Using runes for direct comparisons
Many people have described Go as “C for the 21st century”. One of the things that reminds me of this metaphor is the handling of text using runes.
For a great introduction on Runes, UTF-8 Strings and generally text in Go, I recommend that you refer to Donovan and Kernighan’s ‘Blue Book’. I feel that we can use runes to enhance performance in some straightforward ways.
I encountered this specific example in the Go codebase while attempting to solve issue #44052 with CL 288712. Long story short, it’s about validating the major version suffix for Go modules.
The way this check is implemented in Go modules is by directly comparing the input using runes, ‘simulating’ the behavior of strconv.Atoi
using r >= '0' && r <= '9'
.
To be fair, that’s exactly what Atoi and ParseInt/ParseUint do in the background.
Let’s compare some code!
The rule that we’ll try to implement is the following
For a final path element of the form
/vN
where (…) N must not begin with a leading zero, must not be /v1, and must not contain any dots.
So let’s say you want to validate this given rule.. How would you go about it?
Regex!
Oh, so you want to have two problems on your hands. Jokes aside, not necessarily a bad solution!
Here’s how someone might go about solving this
var re = regexp.MustCompile(`^(\/v[2-9]|\/v([1-9][0-9]+))$`)

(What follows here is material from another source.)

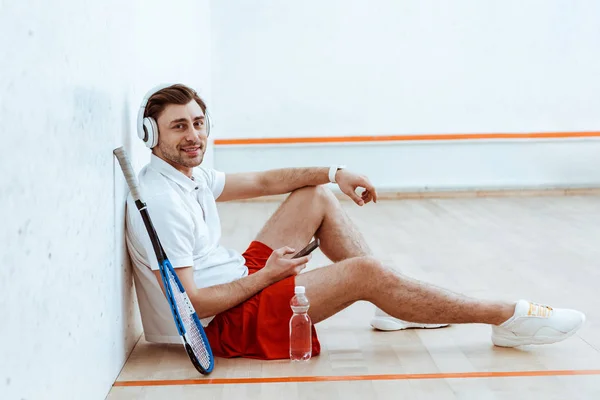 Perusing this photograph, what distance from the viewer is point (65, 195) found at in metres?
2.16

func parseUsingRegex(p string) bool {
return re.MatchString(p)
}
Looks simple, right? Except for that write once/read never regex, that you hope is correct (but write a bunch of tests to make sure anyway).
Stdlib
Why not use the tools in the standard library to implement these rules in a more straightforward way?

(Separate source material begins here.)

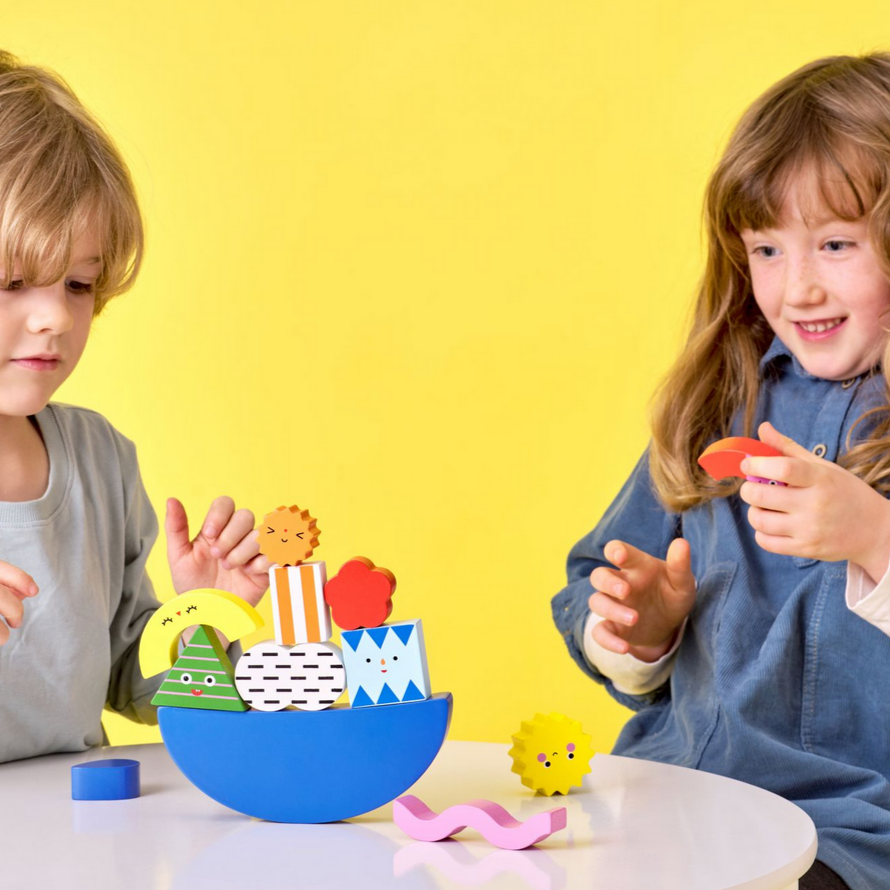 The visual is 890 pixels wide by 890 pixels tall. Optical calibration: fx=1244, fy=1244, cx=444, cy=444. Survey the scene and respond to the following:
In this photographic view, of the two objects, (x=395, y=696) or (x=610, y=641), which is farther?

func parseUsingStdlib(p string) bool {
if !strings.HasPrefix(p, "/v") {
return false
}
if strings.HasPrefix(p[2:], "0") {
return false
}
n, err := strconv.Atoi(p[2:])
if err != nil {
return false
}
if n < 2 {
return false
}
return true
}
I’ll admit, this can be read at a glance, and is pretty easy to expand.
Runes
Finally, here’s (almost) what rsc used in the Modules toolset.
func parseUsingRunes(p string) bool {
if p[:2] != "/v" || p[2] == '0' || p == "/v1" {
return false
}
i := len(p)
for i > 2 {
if !('0' <= p[i-1] && p[i-1] <= '9') {
return false
}
i--
}
return true
}
I feel this reads more like C. Such handling make sense if we are certain that we’re dealing with ASCII, but we do lose some of the previous solution’s readability. What do we gain in return?
Benchmarks
So, how do these three examples stack against each other? Take five seconds to guess…

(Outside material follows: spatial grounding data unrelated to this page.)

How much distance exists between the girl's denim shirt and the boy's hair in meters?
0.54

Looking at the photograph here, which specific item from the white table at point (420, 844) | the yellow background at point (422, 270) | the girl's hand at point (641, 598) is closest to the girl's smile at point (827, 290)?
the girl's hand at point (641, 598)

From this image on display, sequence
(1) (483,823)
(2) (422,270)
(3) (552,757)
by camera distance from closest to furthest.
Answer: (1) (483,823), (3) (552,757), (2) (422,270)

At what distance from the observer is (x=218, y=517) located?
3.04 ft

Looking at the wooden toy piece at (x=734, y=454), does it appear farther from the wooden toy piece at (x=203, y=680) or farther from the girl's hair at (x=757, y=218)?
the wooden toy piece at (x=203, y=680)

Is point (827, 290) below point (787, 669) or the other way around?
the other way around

Well, I ran the benchmark presented below; I expected some difference in performance, but not in that scale.
var c1, c2, c3, c4, c5, c6, c7 bool
func BenchmarkRegex(b *testing.B) {
var b1, b2, b3, b4, b5, b6, b7 bool
for i := 0; i < b.N; i++ {
b1 = parseUsingRegex("/v0")
b2 = parseUsingRegex("/v1")
b3 = parseUsingRegex("/v02")
b4 = parseUsingRegex("/v3.0")
b5 = parseUsingRegex("/v3b")
b6 = parseUsingRegex("/v3")
b7 = parseUsingRegex("/v42")
}
c1, c2, c3, c4, c5, c6, c7 = b1, b2, b3, b4, b5, b6, b7
}
For these seven cases, the rune comparison outperforms the ‘stdlib’ solution by 8.5x, and the ‘regex’ solution by 45.5x.
BenchmarkRegex-8 1447944 816 ns/op
BenchmarkStdlib-8 7559529 153 ns/op
BenchmarkRunes-8 64005085 17.9 ns/op
Parting words
I personally have a soft-spot for such ‘old-school’ code, but I understand that possible performance gains do not usually outweigh the loss of readability.
This example might be a little simplistic, and in general there are a lot of pitfalls when working with UTF-8 strings.
In any case, what I’d like to underline is, when you’re trying to squeeze some more performance out of some critical path, don’t hesitate to use the language’s lower level building blocks.
Until next time, bye!